È assai interessante notare come anche quando si sconfina oltre le barriere del realismo propriamente detto, i titoli più originali che incontriamo sono romanzi che in qualche misura costituiscono un inno all’adolescenza media, quotidiana, profondamente ordinaria anche se messa in scena in contesti extra-ordinari: penso a Paesaggio con mano invisibile di Matthew Tobin Anderson (Rizzoli), in cui la terra è stata consegnata volontariamente a una razza aliena, i vuuv, che non hanno mantenuto alcuna delle promesse iniziali e hanno ridotto il pianeta alla miseria e alla dipendenza economica. I vuuv però sono presenti nel romanzo quasi unicamente come spettatori: riproducendosi per gemmazione, sono attratti dalle storie d’amore che non vivranno mai. Adam, il protagonista, vende ai vuuv la sua storia d’amore, sostentando così la sua famiglia, ed è costretto a proseguire la messinscena anche quando l’amore finisce. Penso a Spontaneous, di Aaron Starmer (Dana) in cui una comunità di adolescenti deve fronteggiare un’emergenza: uno dopo l’altro, alcuni di loro esplodono, letteralmente, per autocombustione, mentre gli altri, con l’apocalisse che incombe e con la prospettiva di sparire da un istante all’altro, vivono la più tradizionale delle adolescenze: feste, musica, innamoramenti.
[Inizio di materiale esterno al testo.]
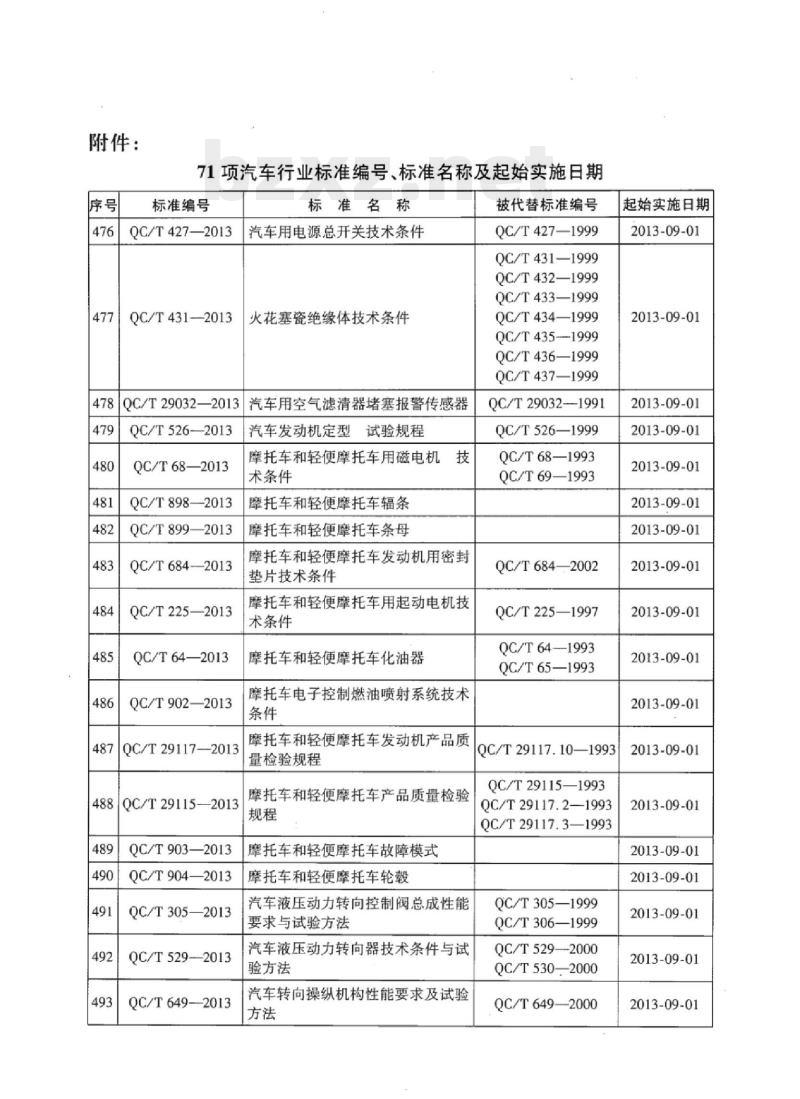 QC/T 599-2013 端面凸焊螺栓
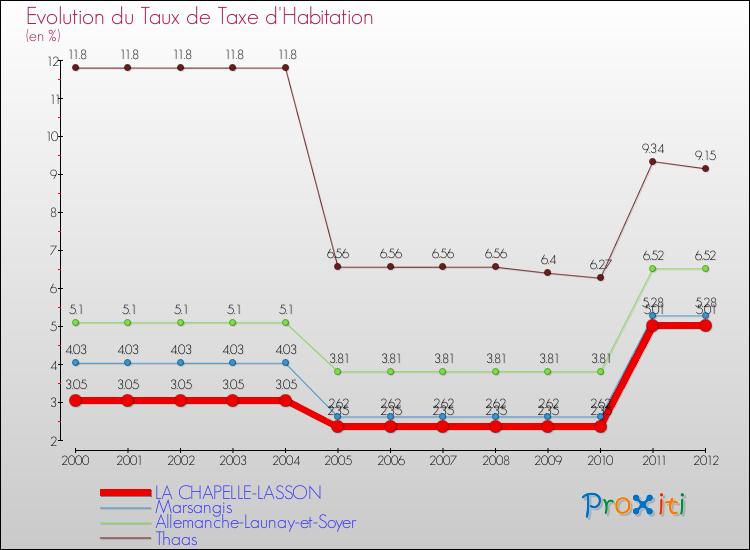 Evolution du taux de la taxe d'habitation pour LA CHAPELLE-LASSON et les communes proches Comparaison des taux de la taxe d'habitation pour LA CHAPELLE-LASSON et les communes voisines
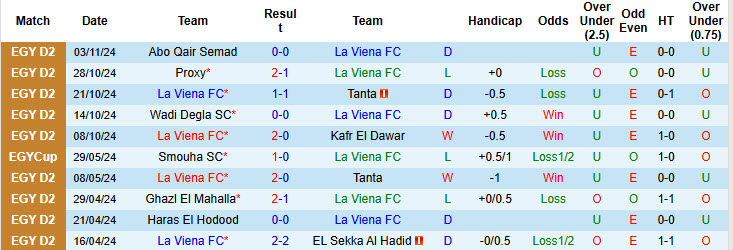 Nhận định, soi kèo La Viena vs EL Sekka Al Hadid, 19h30 ngày 11/11: Vượt mặt đối thủ - Ảnh 2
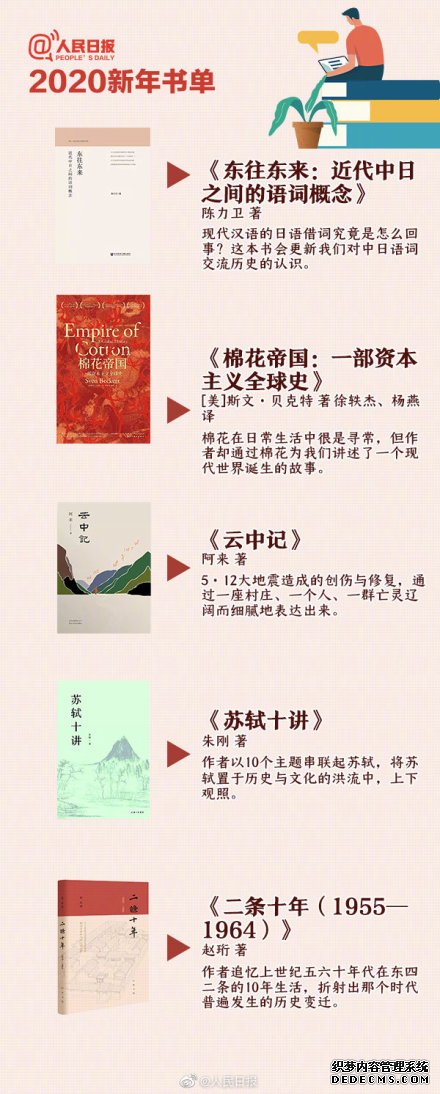 2020只争朝夕，这份书单和考试日历送给河北小伙伴！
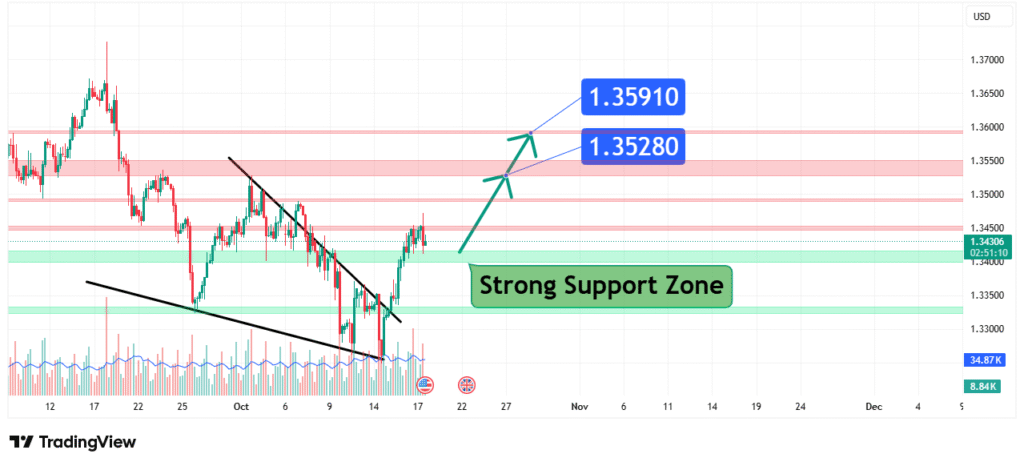 GBPUSD Price Analysis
E penso a Mentre noi restiamo qui, di Patrick Ness (Mondadori), in cui la crescita di Michael, costellata di tutte le paure e le difficoltà di ogni adolescente, è inserita in un contesto post-apocalittico. David Almond, poi, da sempre attento al mito, ne riscrive uno, quello classico di Orfeo e Euridice, facendoli rivivere in due adolescenti inglesi (La canzone di Orfeo, Salani).
Degni di attenzione, per motivi diversi, mi sono parsi anche Mosquitoland, di David Arnold (Rizzoli), Jonas e il mondo nero di Francesco Carofiglio (Piemme) e L’unico ricordo di Flora Banks di Emily Barr (Salani).
Che cosa dovremo attenderci per il 2019? La prosecuzione di questa tendenza o un ritorno in auge del fantasy classico? L’autrice di una delle ultime uscite dell’anno, Figli di sangue e ossa (Rizzoli), la giovanissima Tomi Adeyemi, è salutata come “la nuova Rowling”. Appuntamento tra dodici mesi!